Your answer must be an exact copy of the data, without any pictures.

DATASET SECTION:
------------------------------

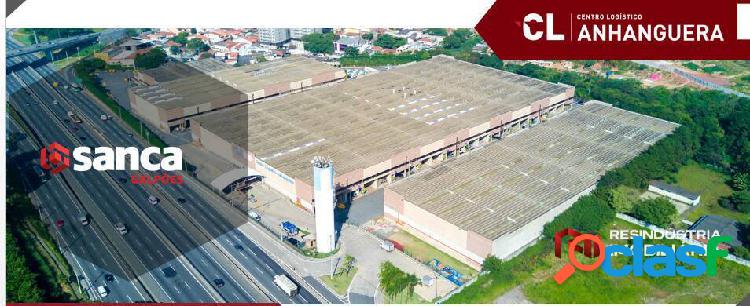 Galpão Condomínio Fechado de 1.350 m² Locação em São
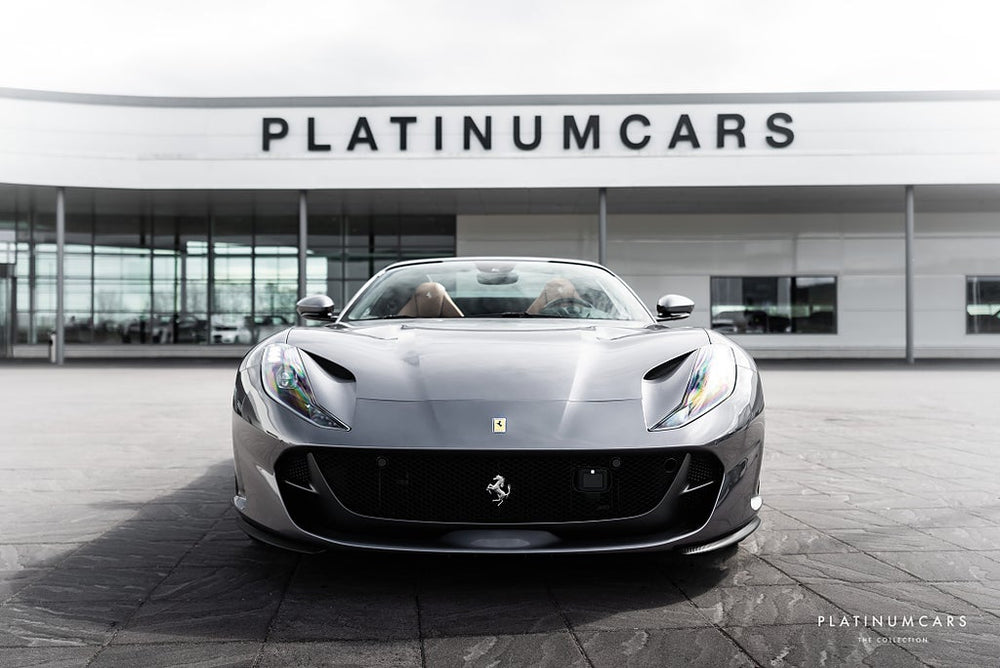 Ferrari 812 GTS 2020 - Grigio Alfieri / 300 mil / SE SPEC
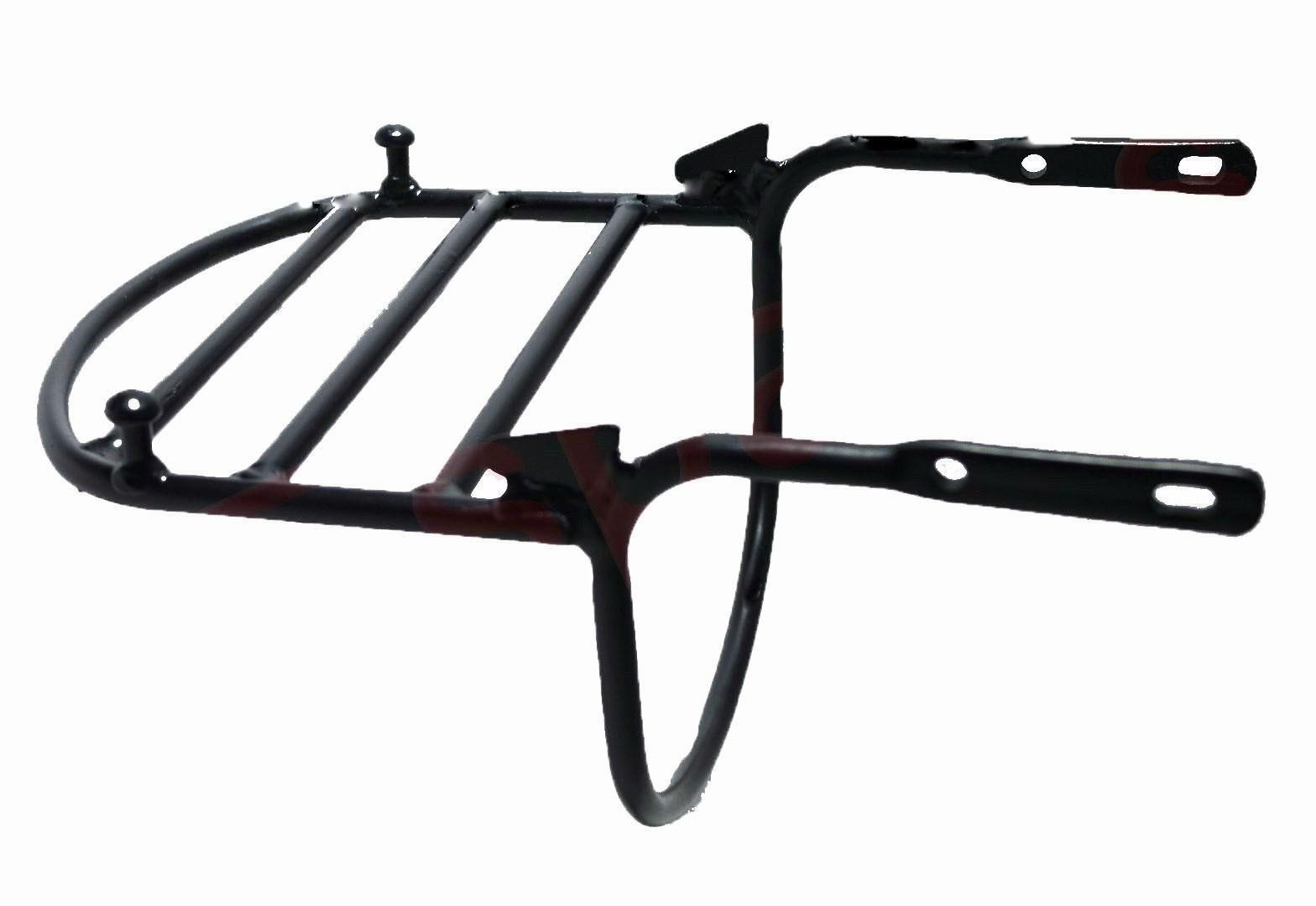 Rear Passenger Backrest with Carrier For Royal Enfield Classic 350 500cc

------------------------------

REPLY TO THE EXERCISE:
 Galpão Condomínio Fechado de 1.350 m² Locação em São
 Ferrari 812 GTS 2020 - Grigio Alfieri / 300 mil / SE SPEC
 Rear Passenger Backrest with Carrier For Royal Enfield Classic 350 500cc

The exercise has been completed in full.